My comparative advantage is building quickly, understanding AI systems, and turning broad technical ideas into working prototypes. The main risk is domain correctness, and I plan to address that by narrowing the first workflow, using public data, keeping outputs auditable, and involving external review where possible.

What are the most likely causes and outcomes if this project fails?

The most likely cause of failure is that the agent is not reliable enough for scientific use. It may generate code that runs but produces weak conclusions, mishandle data formats, miss important assumptions, or produce outputs that look polished but are not biologically meaningful.

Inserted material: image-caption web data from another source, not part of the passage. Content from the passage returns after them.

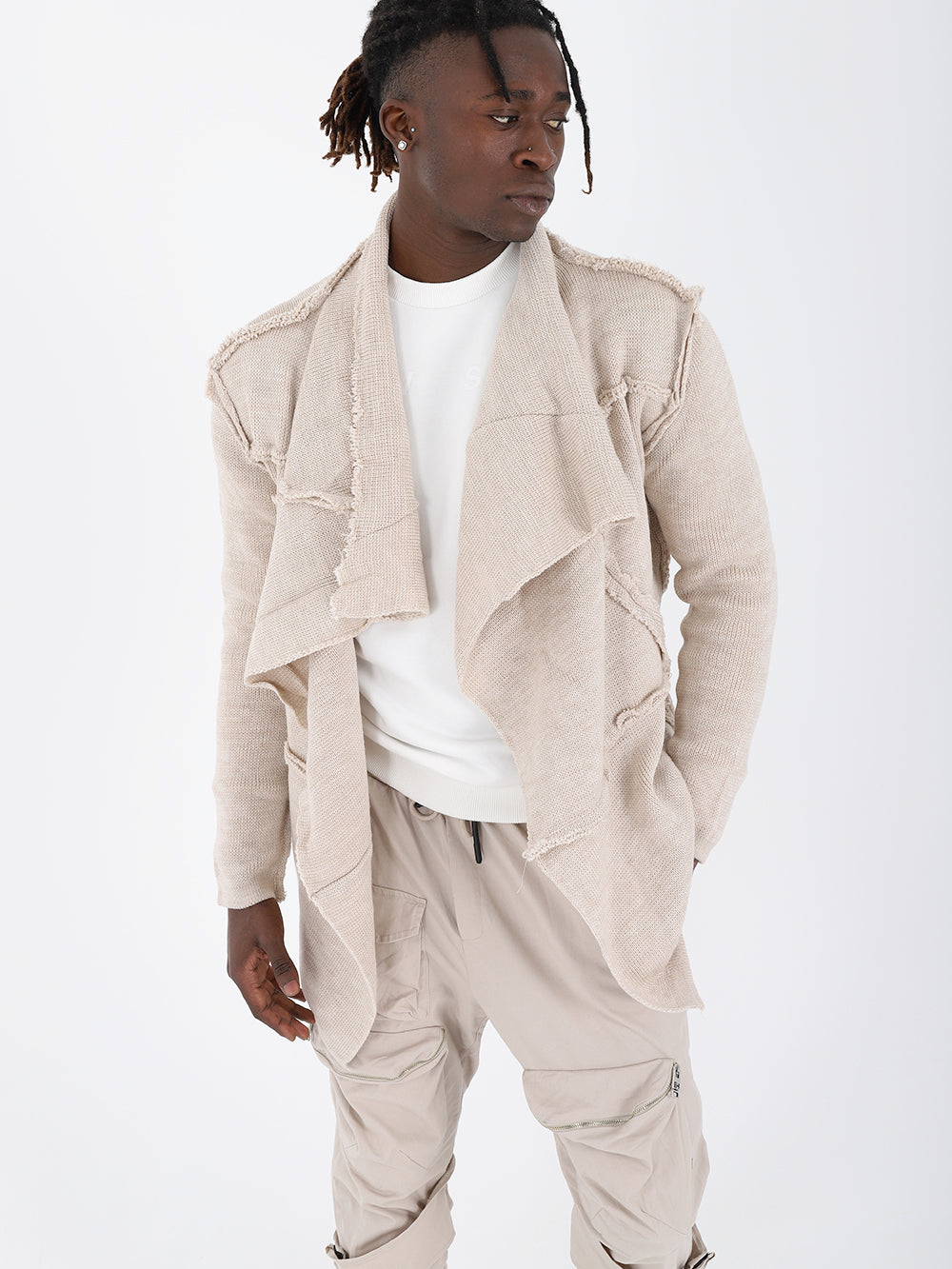 A man wearing an ASYMMETRIC SHORT CARDIGAN // IVORY in a beige jacket and tan pants, with a true to size fit.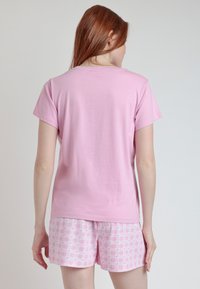 Camiseta de algodón rosa con mangas cortas y un corte relajado, combinada con pantalones cortos rosa a cuadros con un patrón sutil.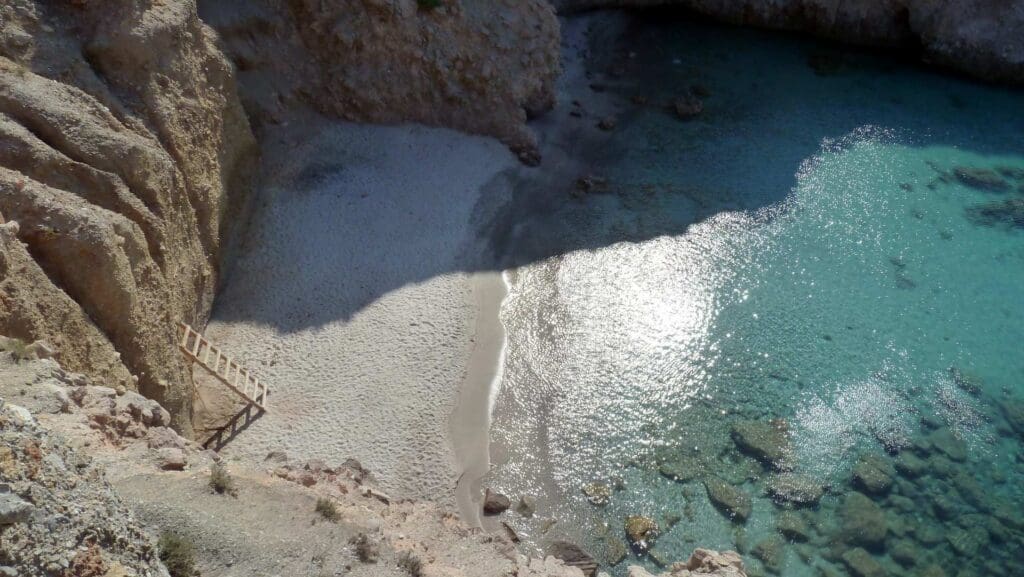 Discover Milos from an aerial view as you take in a small beach with clear turquoise waters. Steps meander down from a rocky cliff to the sandy shore, where shadows softly dance over the sand and sea—a must-see spot on your Milos Beaches adventure.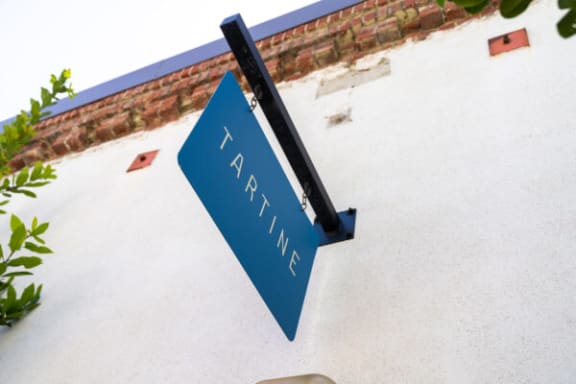 a blue street sign hanging from the side of a building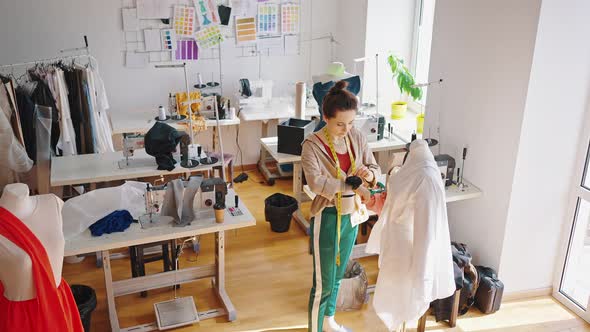 Top View of Young Happy Woman Designer Creating New Clothes Collection Working at Tailor Studio Slow alt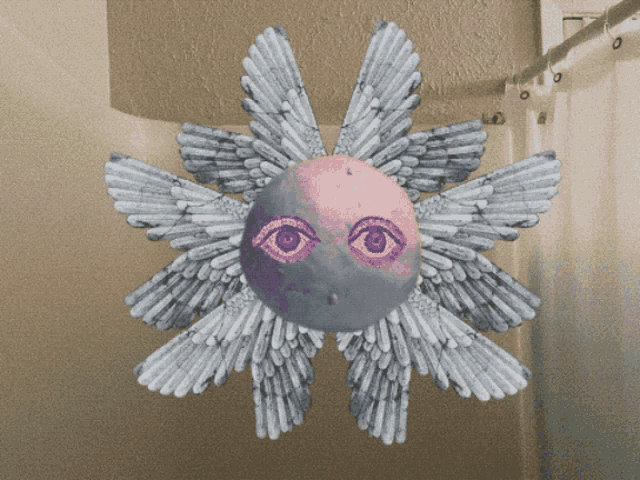 a drawing of a sun with wings and a face on it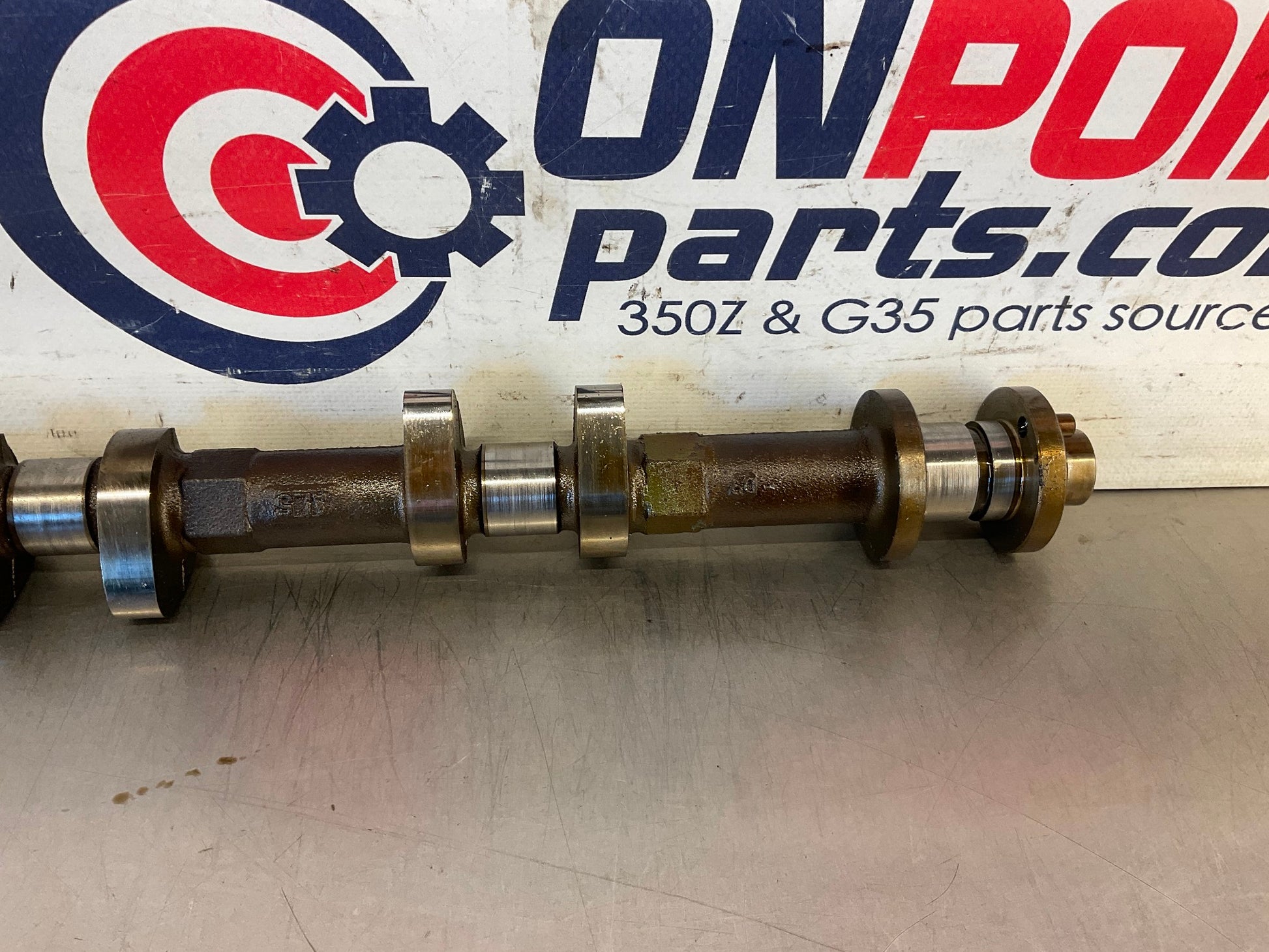 2014 Nissan 370Z Driver Left VQ37VHR Exhaust Cam Shaft and Sprocket OEM 23BDSD0 - On Point Parts Inc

A second failure mode is scope creep. Computational biology is too broad to automate all at once. If I try to support too many workflows, organisms, databases, and analysis types in the first version, the result will likely be a shallow demo rather than a useful tool.

A third failure mode is weak user demand. Researchers may prefer existing tools, human bioinformaticians, or manual workflows if BioAgent does not save enough time or produce outputs they can trust.

A fourth failure mode is verification difficulty. It may be possible to check whether code executed, but much harder to check whether the scientific interpretation is correct. This is why the project will focus on transparent reports and human-reviewable artifacts rather than pretending that automated verification solves the whole problem.

A fifth failure mode is dual-use concern. Tools that automate biological analysis can lower barriers in ways that are not always beneficial. This pilot will therefore focus on public datasets, computational analysis, transparent logging, and narrow workflows rather than wet-lab protocol generation or anything that would directly enable harmful biological work.

If the project fails, the most likely outcome is a public write-up showing where the system broke down and what kinds of computational biology tasks are still too fragile for current agentic AI. That would still be valuable. It would help distinguish realistic near-term AI-for-science infrastructure from vague claims about autonomous AI scientists.

If the project succeeds, the outcome is a working prototype and evidence that a constrained, verified agent can help more people access computational biology workflows safely and reproducibly.

How much money have you raised in the last 12 months, and from where?

I have raised $1500 for this project in the last 12 months.